**Directions for this task**
The listing, minus its pictures, is to be given again exactly.

**Given information**
-- Opening Marker --
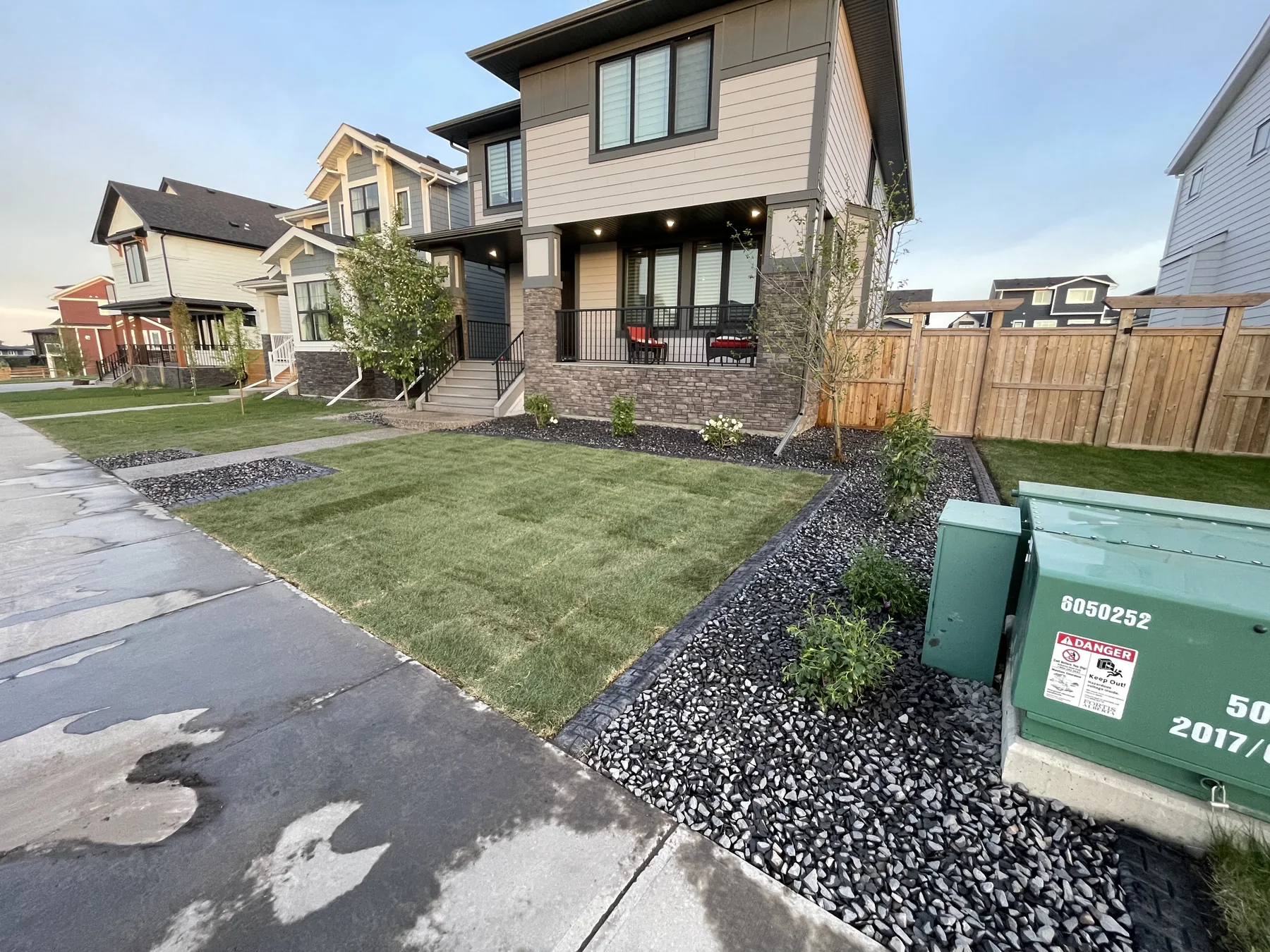 Completed front yard with fresh sod, young trees, shrubs, and decorative black rock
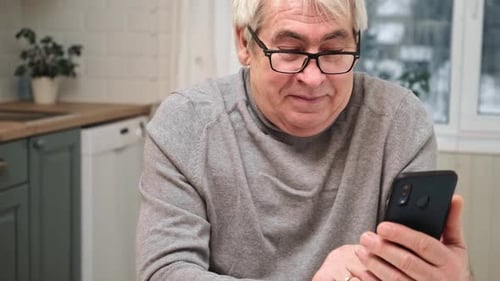 Man Uses Smartphone in Bright Kitchen Area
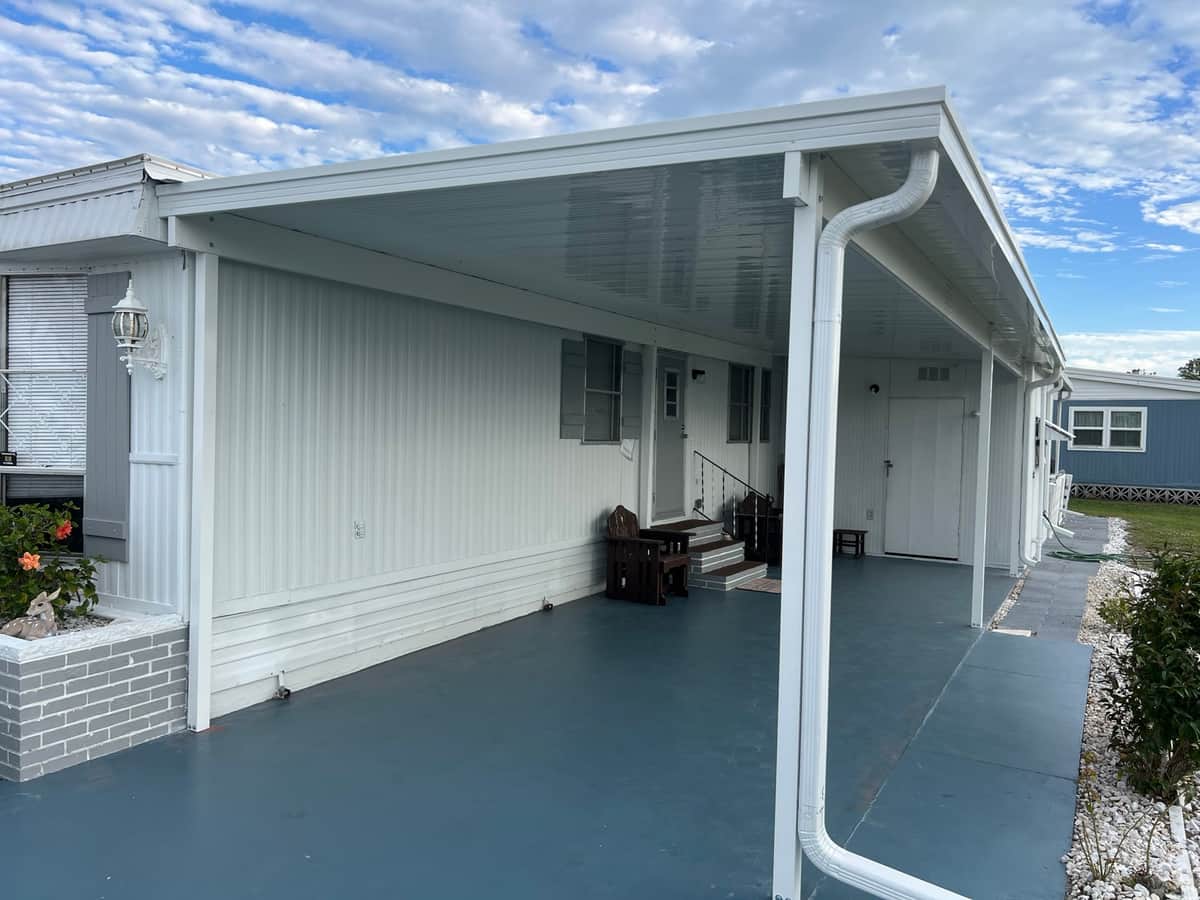 Aluminum carport and covered entry built to Florida wind code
-- Closing Marker --
**Exercise result**
 Completed front yard with fresh sod, young trees, shrubs, and decorative black rock
 Man Uses Smartphone in Bright Kitchen Area
 Aluminum carport and covered entry built to Florida wind code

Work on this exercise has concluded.